This take is seriously dangerous.
"1.5C is not so bad, chill people"
When the fact is - we don't know the impact - if we go beyond 1.5.
What we do know (because it's already very much measurable) is that much of the worlds glaciers will melt, causing drought.
What we do know is that eventually the sea levels will rise and drown many extremely valuable coastal areas.
The oceans rising is more a problem, but it's not going to end human civilization and will happen slowly enough that adaptation is possible, albeit expensive. "Drowning" is hyperbole.
Uncertainty is just that, uncertainty. It will be positive for some areas and negative for others. Those of us who benefit from the status quo (myself included) can argue it would be unwise to mess up a good thing, but the simple fact is we have no idea. There will be winners as well as losers. It's quite possible that the midwest becomes wet enough that American farmers will become even more productive through double-cropping, for starters. Likewise the Russians look forward to their northern coastline thawing.
The sky isn't falling, it's shifting, and while we probably should minimize the shift as much as practical, we shouldn't plunge ourselves into an economic depression to do it.
English is not my first language.
How would you describe something previously on land becoming submerged by the ocean?
A tide. Sea level rises are small and highly predictable over time. All claims of dramatic sudden flooding or drowning are based on assumed correctness of models that, as scottLobster points out, have always been wrong (they always overshoot).
Drowning is when a living organism is submerged, flooding is when buildings are submerged.
That's some "shifting."
Yeah, this person offers nothing but condescension. Immediate downvote.
To your point, we know quite a bit, and it's pretty bad.
Will 10% of the world's population perish? Most likely. There's already a population die-off in progress in many areas of the world as the birth rate continues to decline. People don't have to drop dead for the population to die off, they can simply not be born in sufficient numbers to replace the existing population.
As for those who are alive - adversity leads to war. What we should be thinking about is how much disruption is required to foster chaos - especially in a political environment that has become so divisive.
All in all it's easy to imagine a population decline of 10% over 100 years. Chillingly, it's also easy to imagine a lot higher percentage. Over the next 100 years people are going to rediscover that we are, in fact, animals. Animals who will react violently should our existence be threatened. Hopefully we'll also rediscover that we're social animals and that the key to our survival will be working together.
The old saying is it's darkest before the light. I'm afraid of how dark it's going to get. There's thousands of years' worth of junk in humanity's attic we have to sort out before we come through to the other side. People are fooling themselves if they think sorting through all this will be easy and that the price won't be paid in lives lost.

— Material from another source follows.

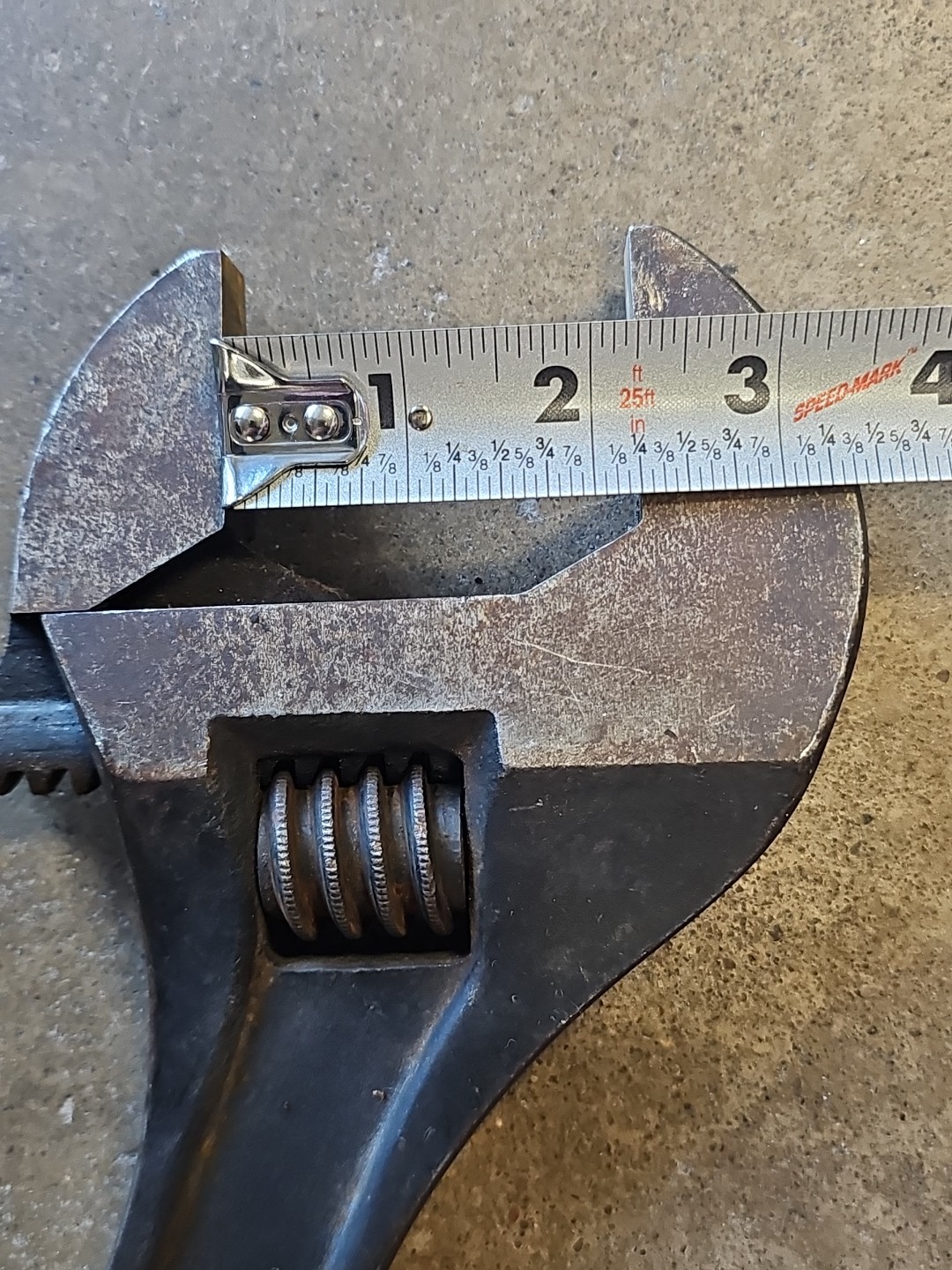 Vintage Very Rare Gearwrench 81876 18″ crescent wrench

There are two very different points being conflated here. What's the time scale for the reduction in population? 10% of the world's population disappearing today is very different from a gradual reduction over the course of decades. 10% of the world's population disappearing over 100 years is almost certainly a good thing at our current population level, when every indication is that sustainability just isn't possible with 8 billion people. At the very least, it'll force us to challenge existing economic models that are all predicated on endless growth.

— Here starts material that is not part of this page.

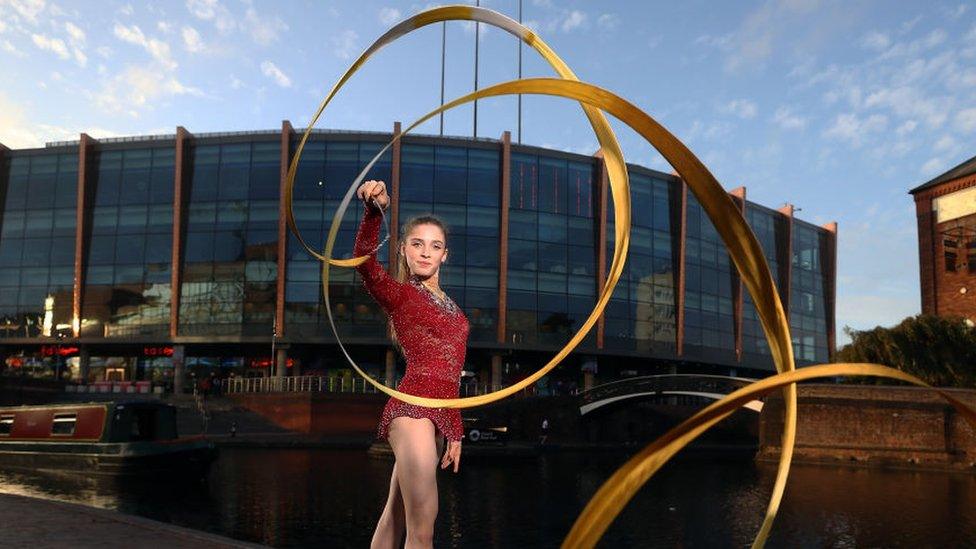 Team England rhythmic gymnast Hannah Martin, at Arena Birmingham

And I don't see anyone saying that things will be easy. In fact, I think most acknowledge that the opposite is very much true. But a) on an individual level, there's not much you can do when income, consumption, and emissions are all Pareto distributed -- I can no more instigate a bank run on my own than I could affect carbon emissions -- and, b) the species has survived worse population declines than this before, on numerous occasions. The black plague in Europe and the Mongols tearing through Central Asia both come to mind. Tomorrow has never been guaranteed, for anyone.

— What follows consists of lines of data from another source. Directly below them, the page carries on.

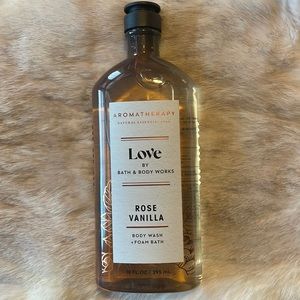 BBW Aromatherapy “Love” Rose Vanilla body wash + foam bath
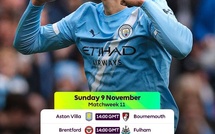 PL/J11:  City vs Liverpool à partir de 17h30 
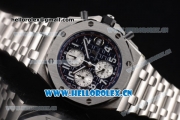 Audemars Piguet Royal Oak Offshore Seiko VK67 Quartz Stainless Steel Case/Bracelet with Black Dial and Arabic Numeral Markers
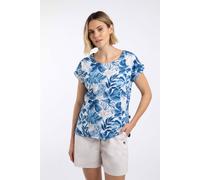 Weird Fish Women's Paw Paw Printed Jersey T-Shirt in Light Blue | Size: 16 Weird Fish Light Blue 16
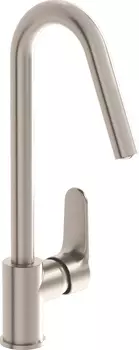 Смеситель VitrA Root Round A4274234EXP для кухонной мойки, никель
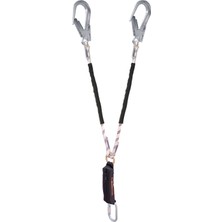 Kaya Safety Çift Kol Şok Emicili Braided Lanyard E-3 B Serisi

As an average person who does his best to live sustainably, there's only so much I have the time and energy for. I live semi-rurally within an hour of a major population center and on the edge of a state park, so believe me, I get it. But if it gets bad enough, at some point it really is out of my control. There's only so much I can care when I have bills to pay and a life to live. I'd imagine most people are in a similar position.
Peoples quality of life globally has been consistently improving and that’s unlikely to change with global warming. China had one of the worlds largest famines in living memory 1958-1961, it’s simply been the norm for most of human history. https://en.wikipedia.org/wiki/List_of_famines
The argument of "look back, it always got better in average" is ignoring the fact we're dealing with a global chaotic situation in a world that fragile, it is already shaking because of interrupted supply chains due to a pandemic or a secondary bank for techbros going down.
We have no clue what we'll be dealing with in 30 years but what we know, it's definitely not gonna be good.